Atomic Author

“The test of a first-rate intelligence is the ability to hold two opposed ideas in mind at the same time and still retain the ability to function.”

F. Scott Fitzgerald


Within both the atom and the Atomic Author, opposite forces exist.

Within the atom sit both:

  1. The positive proton
  2. The negative electron

Within the Atomic Author sit both:

  1. The writer adding
  2. The editor cutting

The opposing forces don’t neutralise each other in either the atom or the Atomic Author.

Instead, they allow great power and great copy respectively. They’re independent, opposing forces that sit within the same shell.

The writer and the editor

"Man is not truly one but truly two"

Dr Jekyll

Good copy is the result of these two opposed personalities, the writer and the editor.

The writer [+]

The editor [—]

Drunk

Sober

Vomits

Cleans

Messy

Structured

Words are cheap

Words are expensive

Abundant

Restrictive

Care free

Careful

Shotgun

Sniper

Types fast

Deletes fast

No idea is a bad idea

Most ideas are bad ideas

An artist

A judge

The marble

The chisel

Give your heart to the writer and your mind to the editor.

Write with your heart

Write drunkenly, as if words cost you nothing. Spill them onto the page in the order your heart fancies. Vomit them and let them land where they like. Don’t stop to clean up. That’s not what the writer does.

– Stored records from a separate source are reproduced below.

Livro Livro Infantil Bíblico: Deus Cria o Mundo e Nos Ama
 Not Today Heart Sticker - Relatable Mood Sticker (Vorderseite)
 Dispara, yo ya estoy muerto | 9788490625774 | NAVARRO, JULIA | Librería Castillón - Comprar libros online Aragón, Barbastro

Then switch. Lock your heart. Unlock your mind.

Edit with your mind

Edit with contempt for the writer, judging each word coldly, half condemning them before hearing their plea. Default to the delete key, cutting away the thicket to reveal a path to clarity. Do it knowing each additional word costs you in efficiency. Demand that each word fight for its place.

Jekyll & Hyde

Switching between writer and editor is hard.

There is no easy formula to throw down our throats.

The hardest move is from freshly written copy. It all reads so well at first. But that's because you're still the writer. You need to forget all those writerly thoughts that guided the work.

You can transform into the editor with three formulae:

  1. Time
  2. Mental fortitude
  3. Someone else’s help

Time is both the most realistic and the most powerful. The longer you leave it, the larger the problem you’ll uncover. Thirty minutes later you’ll see typos and awkward sentences. Four hours later you’ll see entire paragraphs you can delete. A day later you’ll see structural errors.

Returning as the editor

You’ll return untainted and ready to rip it apart.

Be brutal, be ruthless. Don't hold onto something just because it's beautiful. Ask yourself whether the words, and the order you put them in, do the thing you want them to do.

You can't offend the writer because they're not in the room right now.

After the editor puts the work on trial, become the writer again. Switch between writer and editor, over and over.

Atomic Author reminders

Take all the letters in the word WRITER.

And all the letters in the word EDITOR.

And strike through instances of the same letter, at the same frequency.

W R I T E R

E D I T O R

Once struck through, these letters remain.

W R

D O

Those letters can be rearranged.

W O R D

This matrix-like, Illuminati-confirming weirdness can remind us that it’s the work of both the WRITER and the EDITOR that leave the written WORD in its purest, simplest, most efficient, most powerful form.

Writing is editing

The thing is, we call it the “written word”, and “writing”, and ourselves “writers”. So sadly, for most people, that’s where it ends. With care free, messy, drunk, abundant copy, where all ideas are good ideas.

But if you look closely at

the writer

you’ll notice

they’re twice as much

an editor

which means

it takes considerable editing

to leave the writing

in its purest

most efficient

most powerful form

Atomic

Writing Atomic Copy as the Atomic Author are the two foundational principles that guide everything I write, and on which my seven writing principles are built.